The Oscar-winners "Ferdinand the Bull" (1938) and "Toot, Whistle, Plunk and Boom" (1953) rank as genuine classics, and have been unavailable for far too long. The wartime cautionary tale "Chicken Little" (1943) displays more imagination than the 2005 feature adaptation of the same story. "The Truth About Mother Goose" (1957) reflects the influence of Sleeping Beauty (1959), which was in production then; the elephants in "Goliath II" (1960) anticipate the ones in The Jungle Book (1967).

"Noah's Ark" (1959), Disney's first stop-motion film, features cleverly designed animals made from pencils, erasers, corks, pipecleaners, and other found objects, but the obstrusive '50s songs quickly cloy.
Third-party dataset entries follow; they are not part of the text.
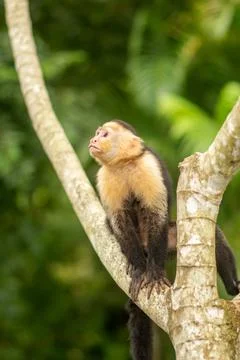 White-head capuchin monkey in Costa Rica Stock Photos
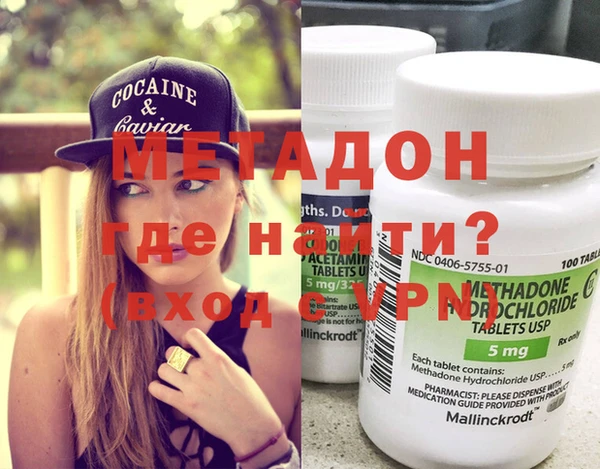 прущие грибы Вязьма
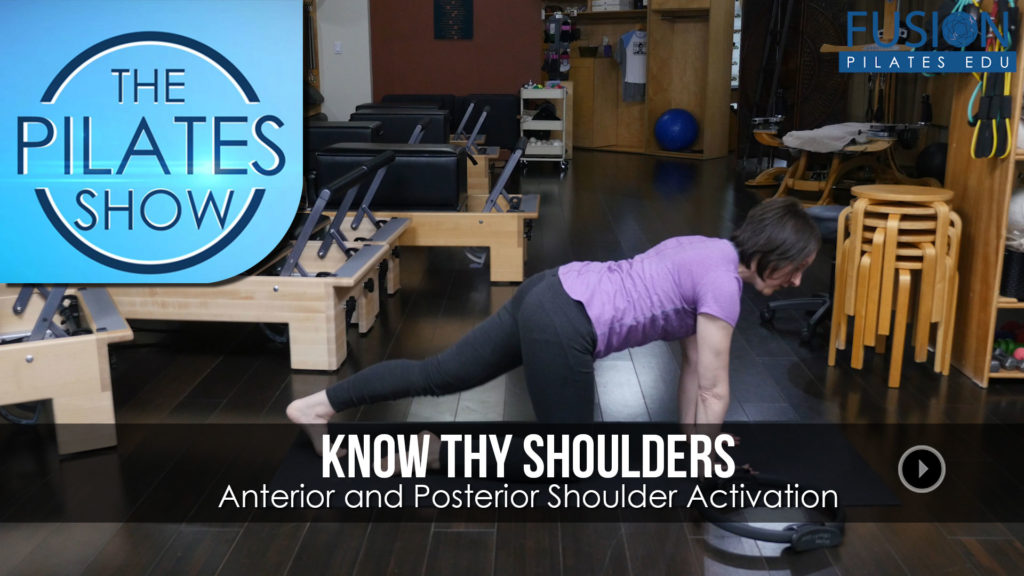 Know thy shoulders	Anterior and Posterior Shoulder Activation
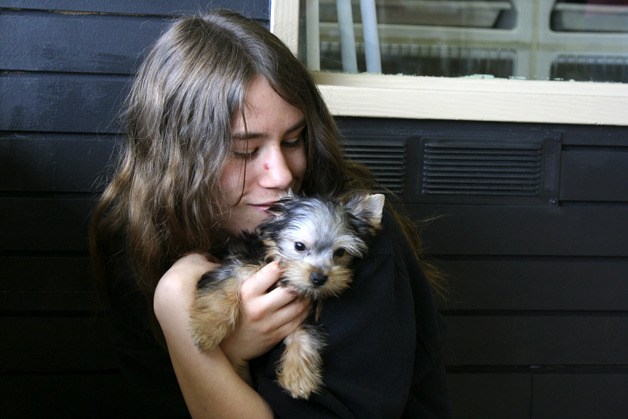 Customer Stormi Richter snuggles with a terrier in the puppy pin at the Fairwood Pet Center. The center
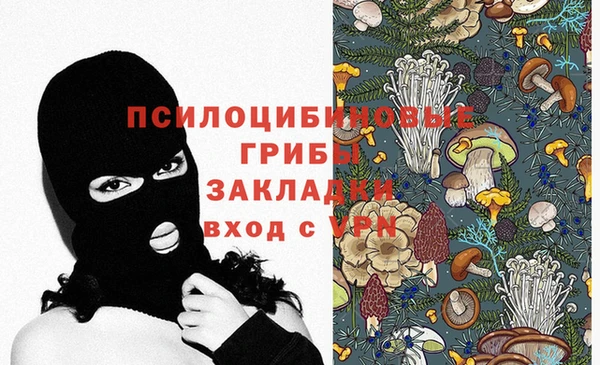 дмт Алексеевка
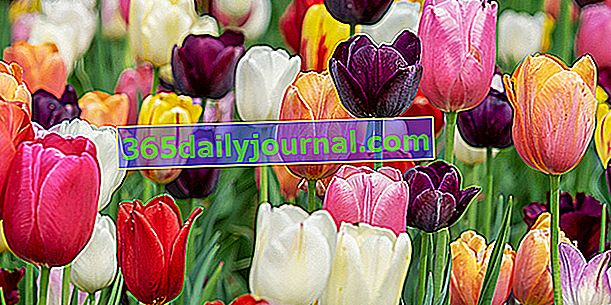 Tulipán (Tulipa spp.), Symbolická květina jara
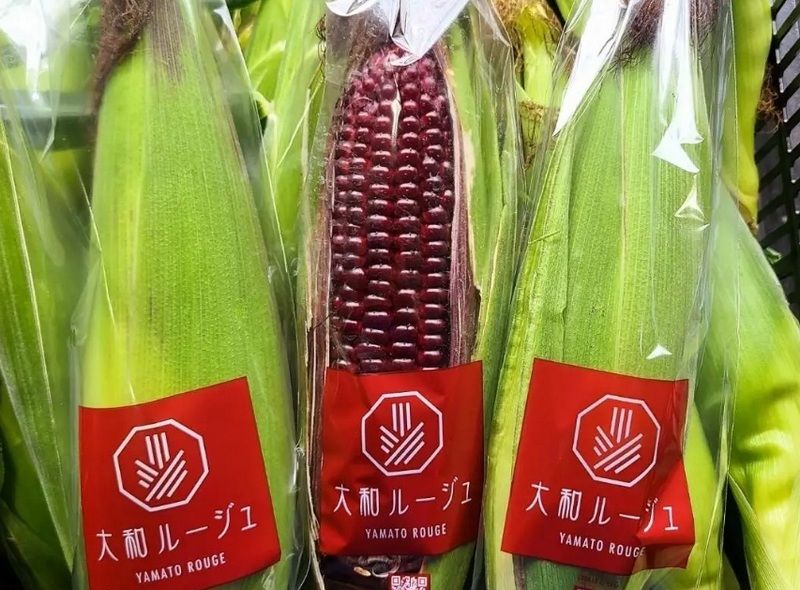 Червона цукрова кукурудза Yamato Rouge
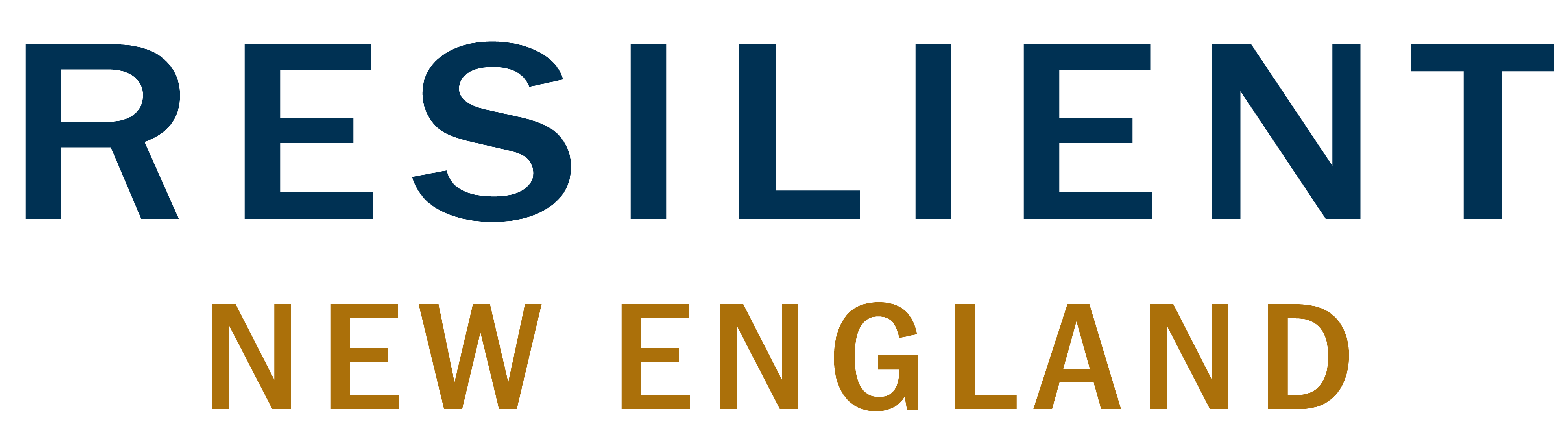 Resilient New England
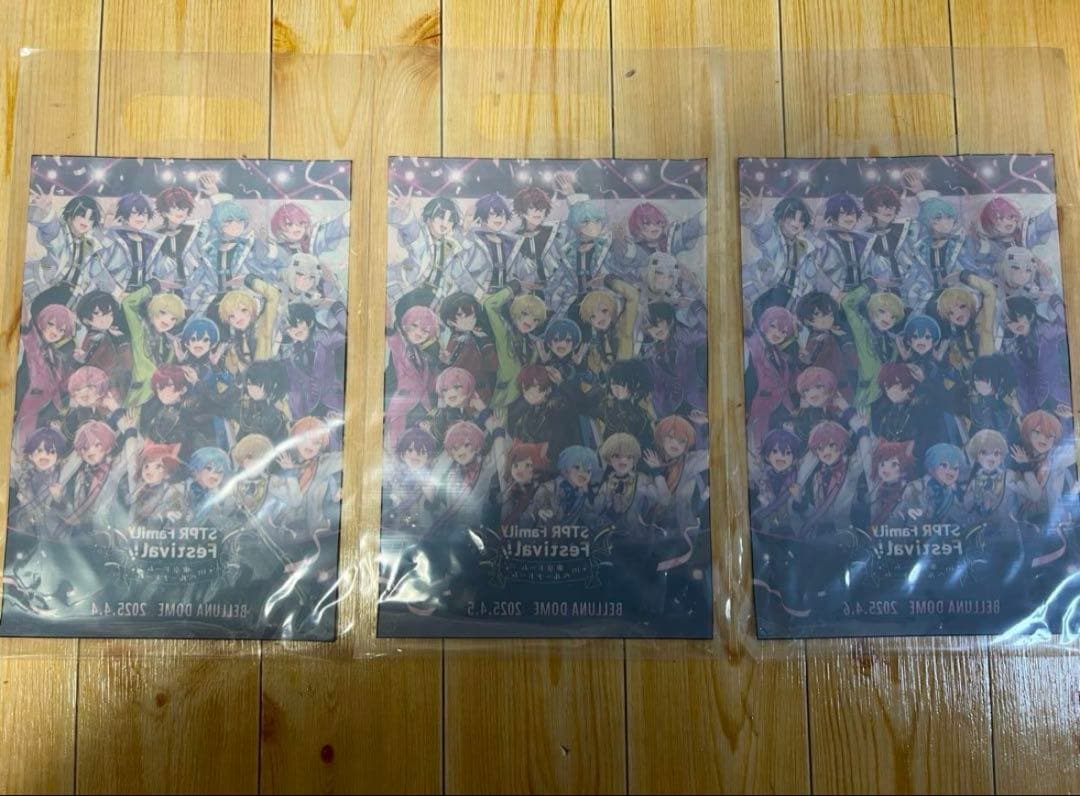 すとふぇす 東京ドーム リンライ ベルーナ ショッパーチケットファイル 銀テ絵馬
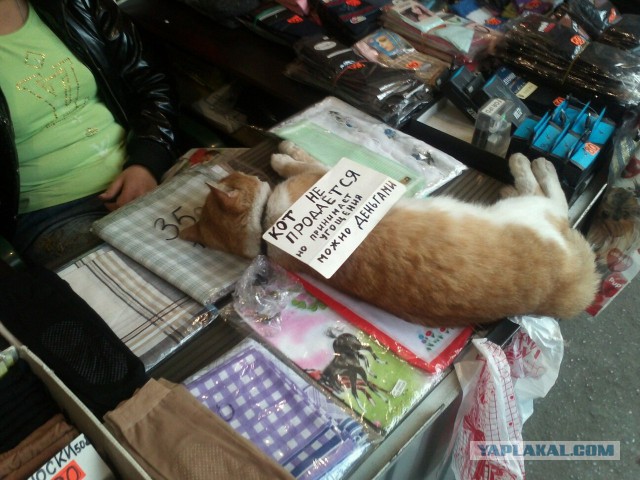 Картинки всякие для поднятия настроения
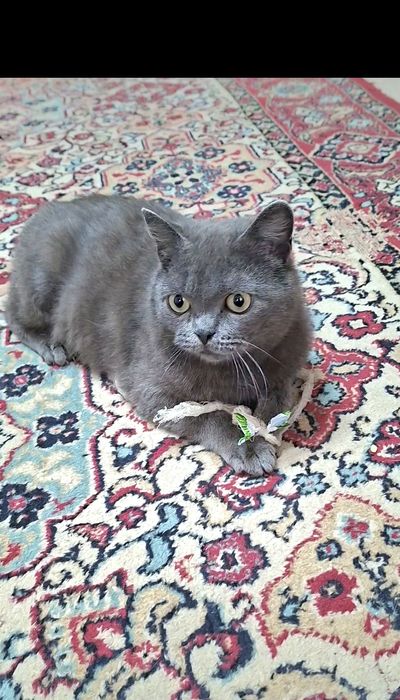Кошечка Сонечка подросток стерилизованная в добрые руки!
Many of the films from the '50s and early '60s ("Pigs Is Pigs," "A Cowboy Needs a Horse," "Paul Bunyan" ) reflect the look of the UPA Studio. The characters are flatter, simpler, and more angular; the backgrounds, more stylized. Although Disney had dominated the cartoon short during the '30s, the studio largely shifted to feature and television production during the '40s and '50s. Disney Rarities is a set fans and students of animation will want to own. (Unrated, suitable for all ages: cartoon violence, tobacco use, ethnic stereotypes) --Charles Solomon
Customer Review: walt disney treasures- disney rarities- celebrated shorts
Great dvd, we have loked for several of shorts for thirty to forty years, and they are all great, thanks, KMC
Customer Review: Hope they do more like this!
While not a big fan of The 1923 "Alice in Wonderland" or "Alice comedies", I love Disc 2 with the shorts and some of my favorite cartoons. I love Humphey the Bear and this disc has two with Ranger Woodlore. It also contains "Ben & Me" which is probably my number 1 for Disney shorts. I would recommend it, but really only for Disc 2.